___ Extracted information ___

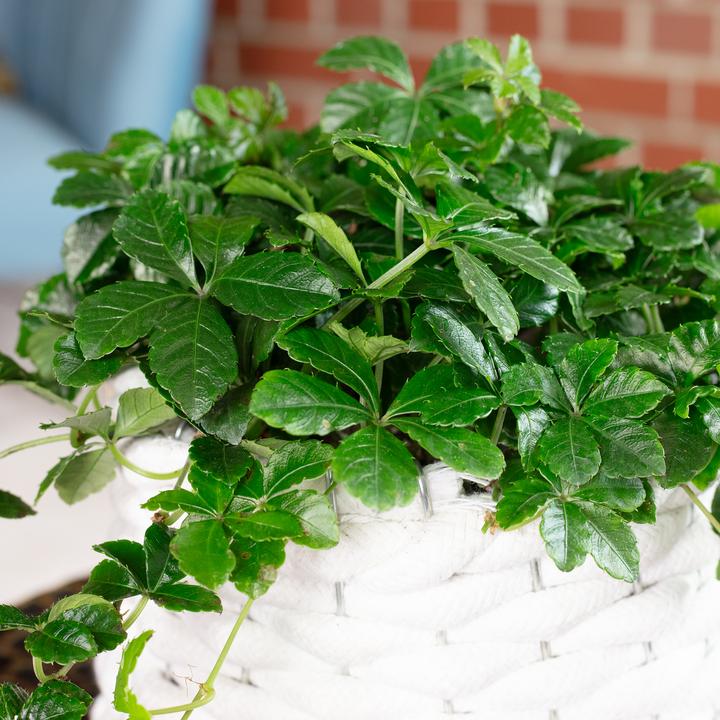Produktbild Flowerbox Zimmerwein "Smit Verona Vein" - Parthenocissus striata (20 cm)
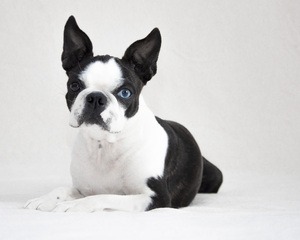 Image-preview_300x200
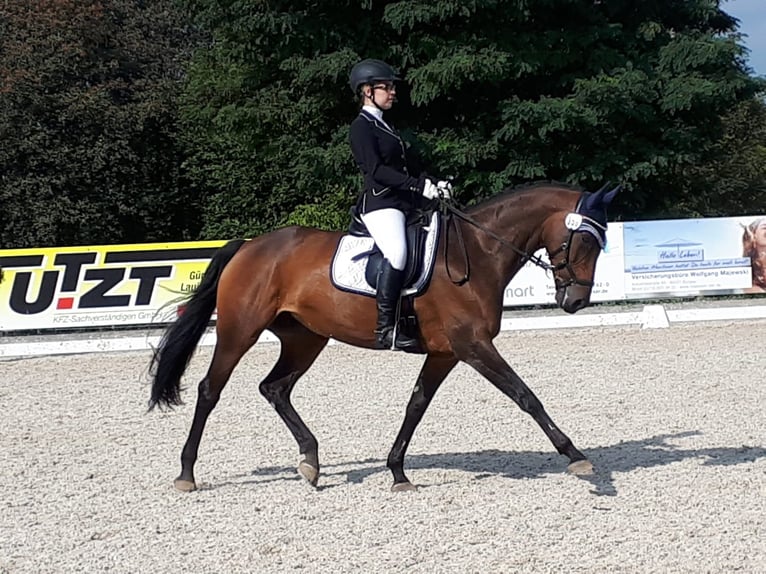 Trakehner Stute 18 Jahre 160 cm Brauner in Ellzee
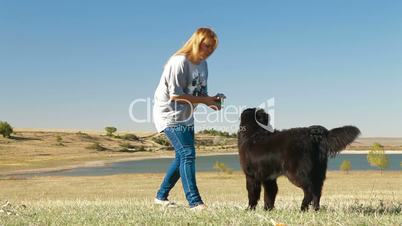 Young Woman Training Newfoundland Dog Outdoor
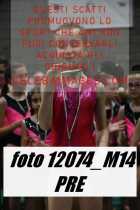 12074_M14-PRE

___
___ Extracted information ___

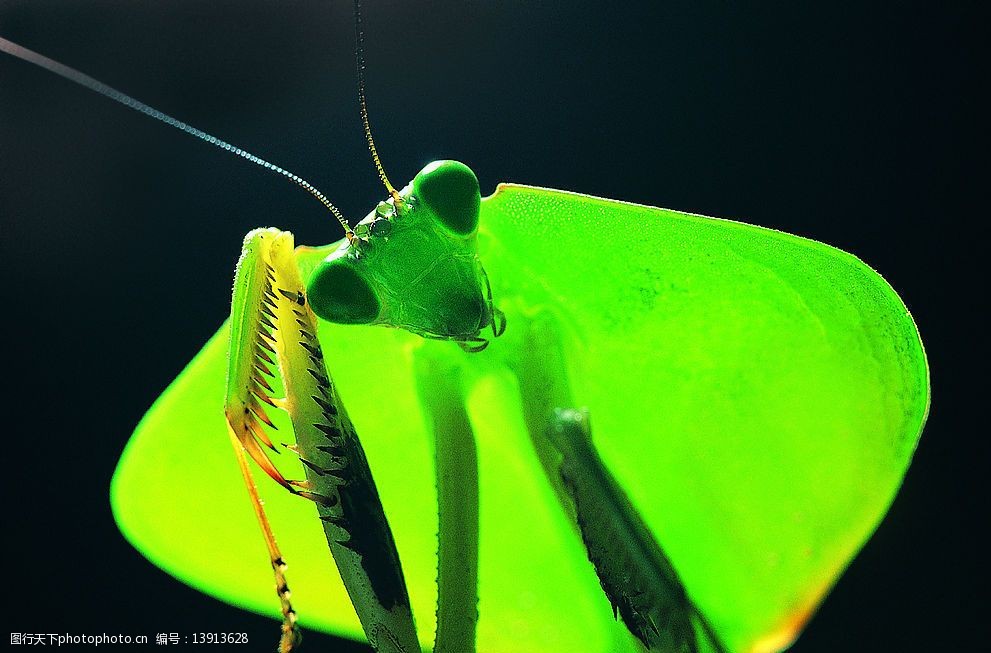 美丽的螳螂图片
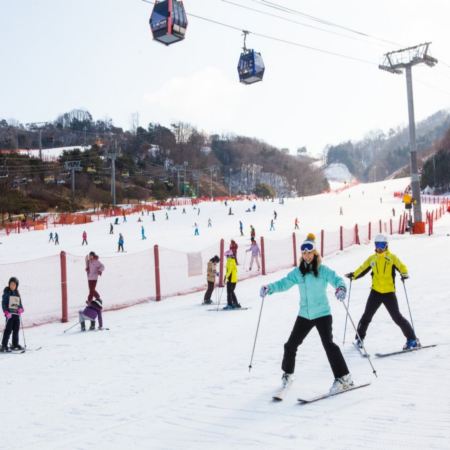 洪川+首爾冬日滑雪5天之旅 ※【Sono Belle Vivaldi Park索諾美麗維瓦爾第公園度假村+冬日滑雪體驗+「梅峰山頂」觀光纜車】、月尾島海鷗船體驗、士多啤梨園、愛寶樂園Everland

___
___ Extracted information ___

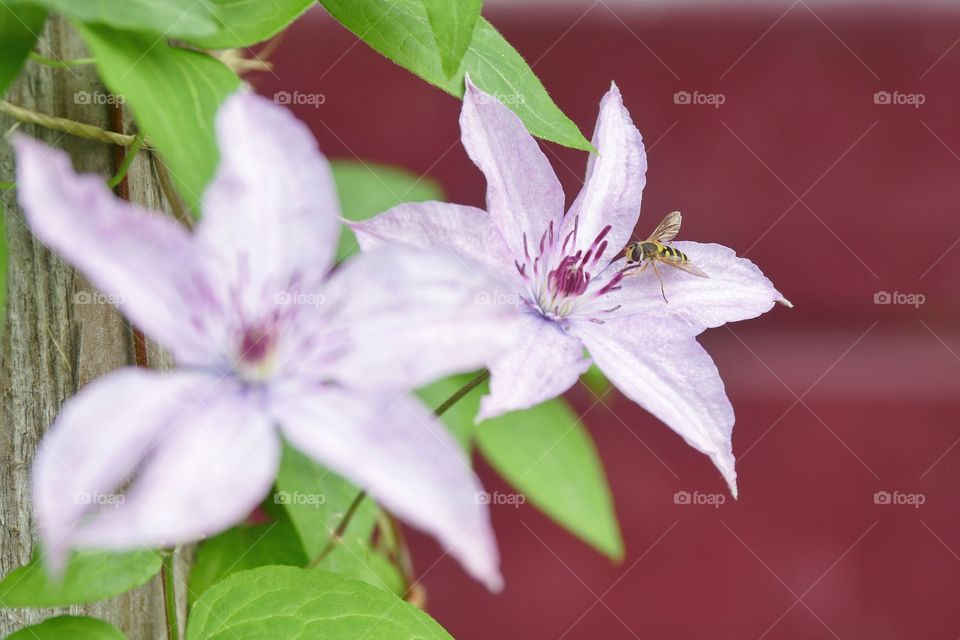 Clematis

___

What is expected: Output exactly the lines above, from the line with "Produktbild Flowerbox Zimmerwein" to the line with "12074_M14-PRE", both included; skip the pictures.

Response for this exercise:
Produktbild Flowerbox Zimmerwein "Smit Verona Vein" - Parthenocissus striata (20 cm)
 Image-preview_300x200
 Trakehner Stute 18 Jahre 160 cm Brauner in Ellzee
 Young Woman Training Newfoundland Dog Outdoor
 12074_M14-PRE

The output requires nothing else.